• Records provided
>>

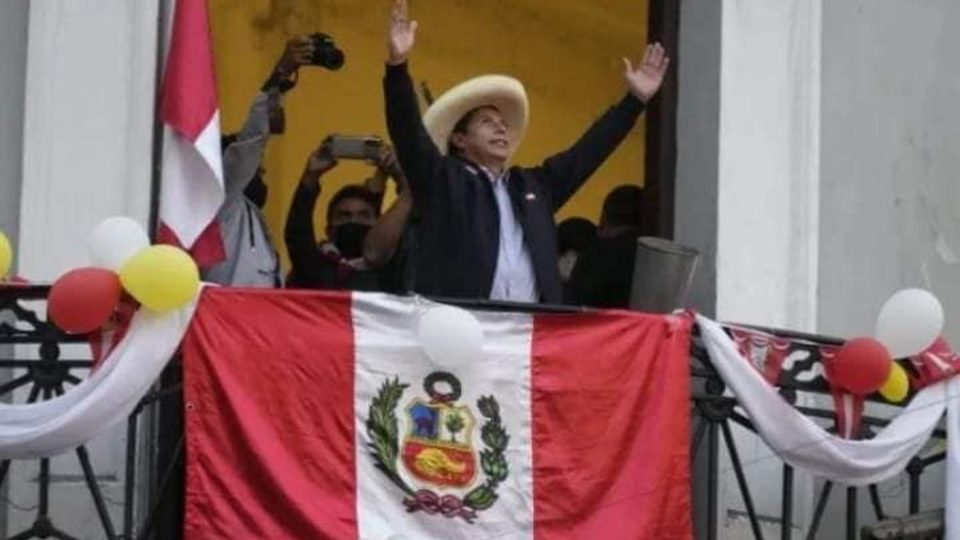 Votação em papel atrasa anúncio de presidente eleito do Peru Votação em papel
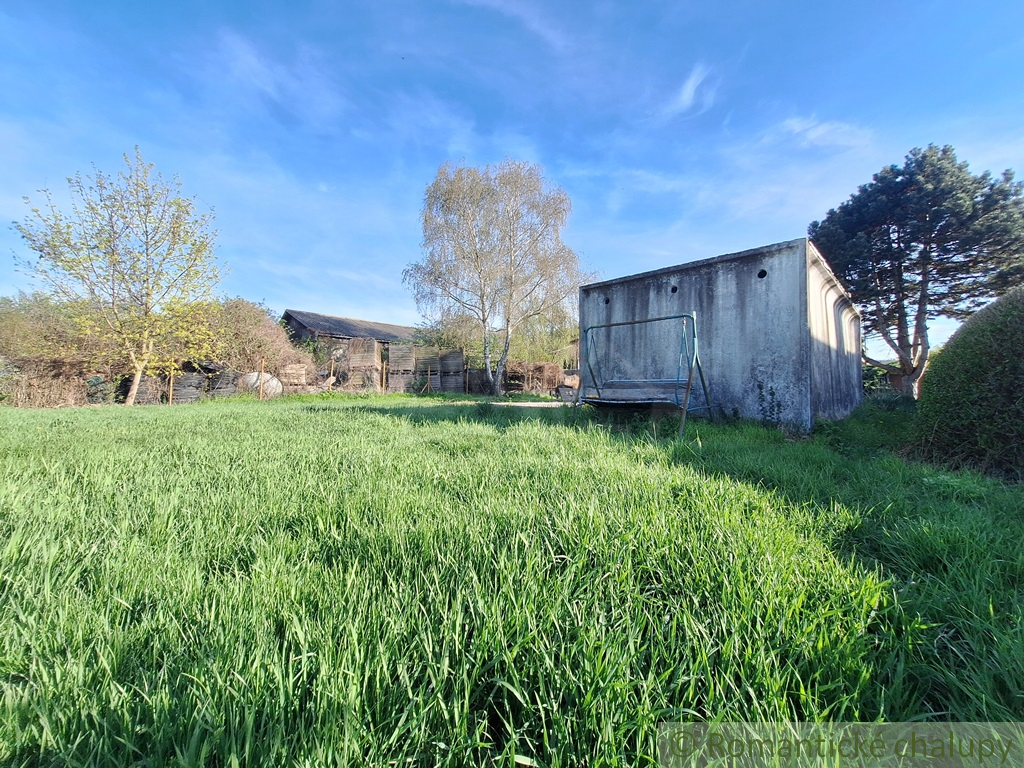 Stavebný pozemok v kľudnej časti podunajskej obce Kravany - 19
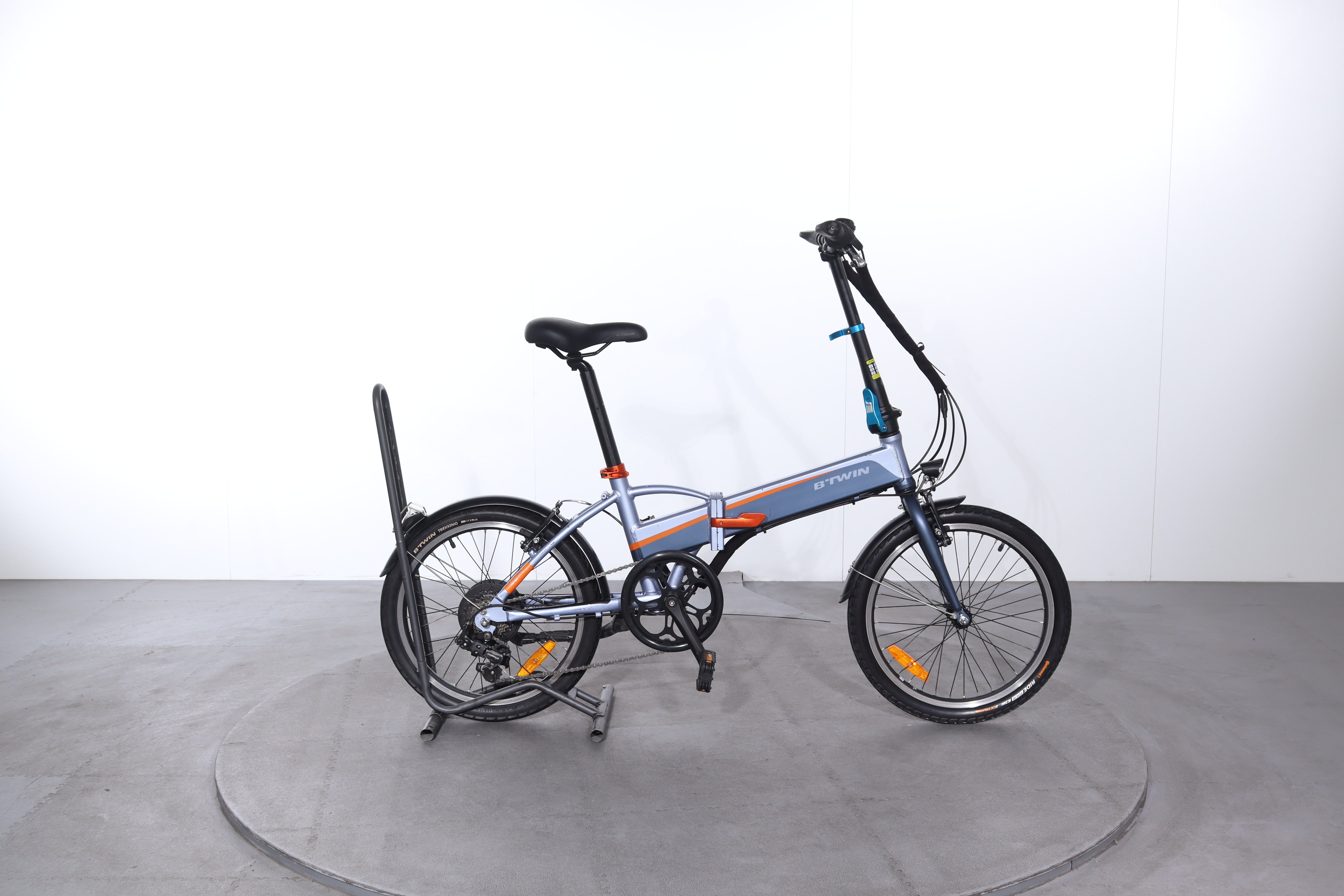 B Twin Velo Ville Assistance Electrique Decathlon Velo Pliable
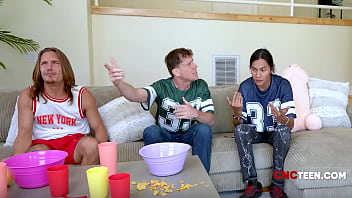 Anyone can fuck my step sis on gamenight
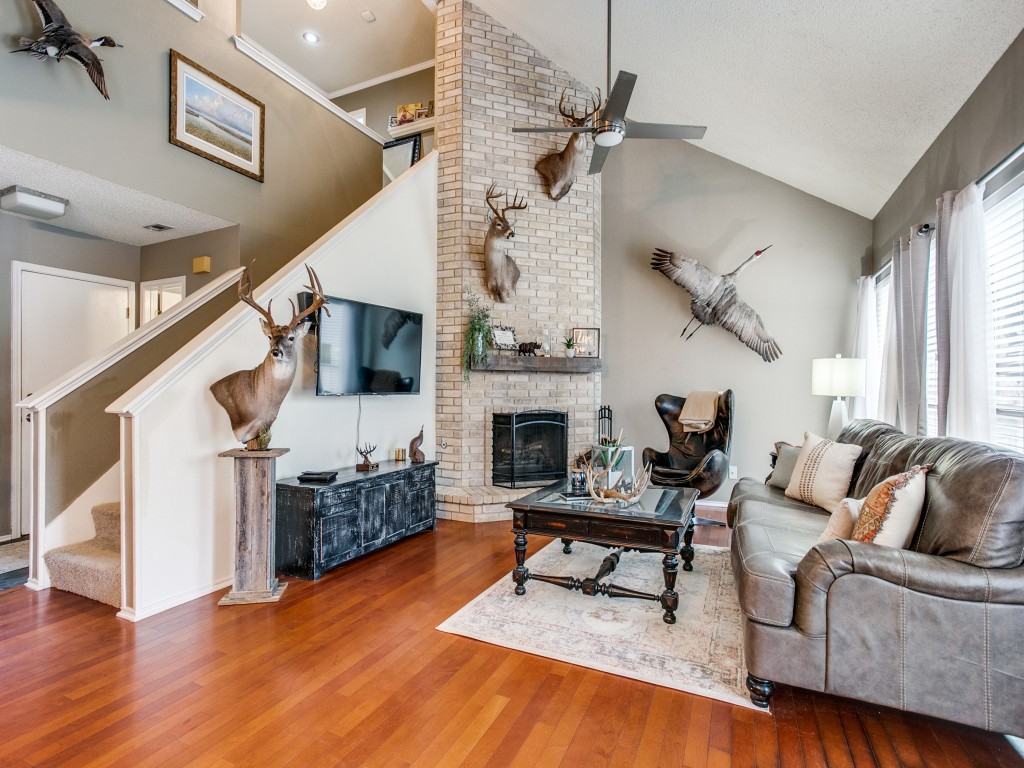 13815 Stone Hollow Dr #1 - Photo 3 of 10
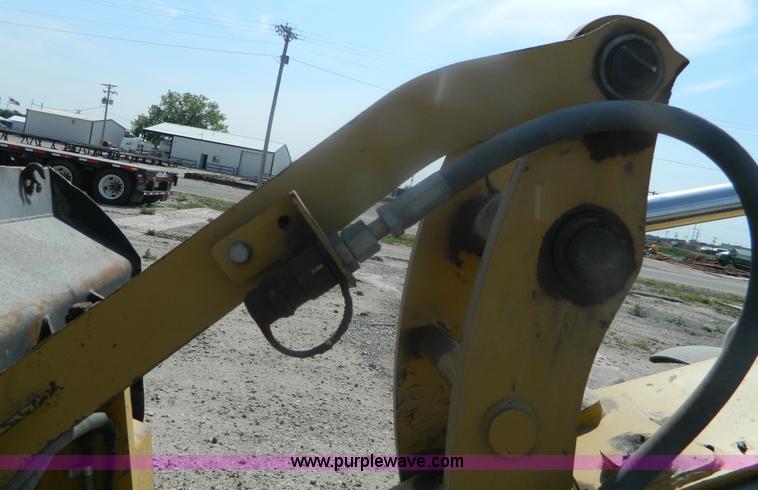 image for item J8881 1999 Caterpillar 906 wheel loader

<<

• Assigned task
Skip the pictures. Please copy exactly the lines from the one with "B Twin Velo" through the final line of the material above, both ends included.

• Response below
 B Twin Velo Ville Assistance Electrique Decathlon Velo Pliable
 Anyone can fuck my step sis on gamenight
 13815 Stone Hollow Dr #1 - Photo 3 of 10
 image for item J8881 1999 Caterpillar 906 wheel loader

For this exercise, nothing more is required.